[Brief descriptive captions]
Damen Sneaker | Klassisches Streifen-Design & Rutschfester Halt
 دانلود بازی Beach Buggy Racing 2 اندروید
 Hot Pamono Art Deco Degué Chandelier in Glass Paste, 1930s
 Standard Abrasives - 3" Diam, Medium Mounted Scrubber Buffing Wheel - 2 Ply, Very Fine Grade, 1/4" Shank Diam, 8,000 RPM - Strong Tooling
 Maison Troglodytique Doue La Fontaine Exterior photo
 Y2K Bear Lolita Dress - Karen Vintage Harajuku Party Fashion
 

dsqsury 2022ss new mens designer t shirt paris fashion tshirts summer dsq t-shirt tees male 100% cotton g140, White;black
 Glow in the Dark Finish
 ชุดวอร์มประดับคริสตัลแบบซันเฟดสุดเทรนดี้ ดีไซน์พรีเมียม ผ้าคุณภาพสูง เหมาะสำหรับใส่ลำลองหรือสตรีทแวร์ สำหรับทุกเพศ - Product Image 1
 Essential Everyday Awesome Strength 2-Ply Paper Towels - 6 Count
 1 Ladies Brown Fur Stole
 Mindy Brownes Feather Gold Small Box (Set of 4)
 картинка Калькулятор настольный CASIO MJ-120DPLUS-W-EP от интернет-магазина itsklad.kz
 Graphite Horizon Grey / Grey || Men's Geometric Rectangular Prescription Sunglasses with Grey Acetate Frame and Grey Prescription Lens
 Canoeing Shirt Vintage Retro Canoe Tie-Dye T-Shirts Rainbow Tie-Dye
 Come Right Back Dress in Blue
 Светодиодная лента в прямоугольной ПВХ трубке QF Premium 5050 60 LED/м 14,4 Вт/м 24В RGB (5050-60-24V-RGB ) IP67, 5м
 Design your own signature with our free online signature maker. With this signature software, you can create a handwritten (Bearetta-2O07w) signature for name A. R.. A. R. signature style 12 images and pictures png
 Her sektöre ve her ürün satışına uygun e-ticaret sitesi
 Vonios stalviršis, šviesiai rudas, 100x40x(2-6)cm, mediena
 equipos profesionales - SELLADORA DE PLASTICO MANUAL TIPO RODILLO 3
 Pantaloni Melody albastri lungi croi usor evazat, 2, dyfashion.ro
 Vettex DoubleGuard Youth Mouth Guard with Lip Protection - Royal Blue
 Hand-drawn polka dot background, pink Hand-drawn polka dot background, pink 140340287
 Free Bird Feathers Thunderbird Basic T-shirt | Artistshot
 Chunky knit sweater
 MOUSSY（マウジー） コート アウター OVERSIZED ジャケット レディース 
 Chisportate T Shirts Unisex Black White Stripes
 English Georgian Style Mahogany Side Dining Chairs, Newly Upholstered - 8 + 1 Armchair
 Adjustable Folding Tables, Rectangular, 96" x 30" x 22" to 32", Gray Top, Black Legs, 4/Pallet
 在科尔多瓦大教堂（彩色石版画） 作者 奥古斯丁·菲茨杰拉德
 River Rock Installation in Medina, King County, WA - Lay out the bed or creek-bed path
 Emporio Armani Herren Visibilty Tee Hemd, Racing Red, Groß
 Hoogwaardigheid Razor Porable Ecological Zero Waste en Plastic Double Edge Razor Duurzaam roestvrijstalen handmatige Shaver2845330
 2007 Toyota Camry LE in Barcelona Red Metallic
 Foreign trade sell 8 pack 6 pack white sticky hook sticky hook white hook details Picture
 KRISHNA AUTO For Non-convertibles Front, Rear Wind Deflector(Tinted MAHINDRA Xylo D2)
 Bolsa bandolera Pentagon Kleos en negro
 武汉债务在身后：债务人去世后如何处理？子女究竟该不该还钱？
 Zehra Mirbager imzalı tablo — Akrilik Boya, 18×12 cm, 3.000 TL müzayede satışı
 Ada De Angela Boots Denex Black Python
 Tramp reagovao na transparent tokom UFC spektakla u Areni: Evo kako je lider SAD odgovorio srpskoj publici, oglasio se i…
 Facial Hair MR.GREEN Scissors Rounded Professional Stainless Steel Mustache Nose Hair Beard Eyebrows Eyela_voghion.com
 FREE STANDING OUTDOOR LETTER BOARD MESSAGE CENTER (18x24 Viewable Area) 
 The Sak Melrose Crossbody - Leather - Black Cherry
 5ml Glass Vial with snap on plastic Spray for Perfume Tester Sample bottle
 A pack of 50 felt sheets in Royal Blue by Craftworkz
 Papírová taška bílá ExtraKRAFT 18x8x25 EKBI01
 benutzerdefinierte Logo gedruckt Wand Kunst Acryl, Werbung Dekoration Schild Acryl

→ **The problem**:
Take each line above that contains "pack" and copy it out.

→ **Answer for this exercise**:
 Foreign trade sell 8 pack 6 pack white sticky hook sticky hook white hook details Picture
 A pack of 50 felt sheets in Royal Blue by Craftworkz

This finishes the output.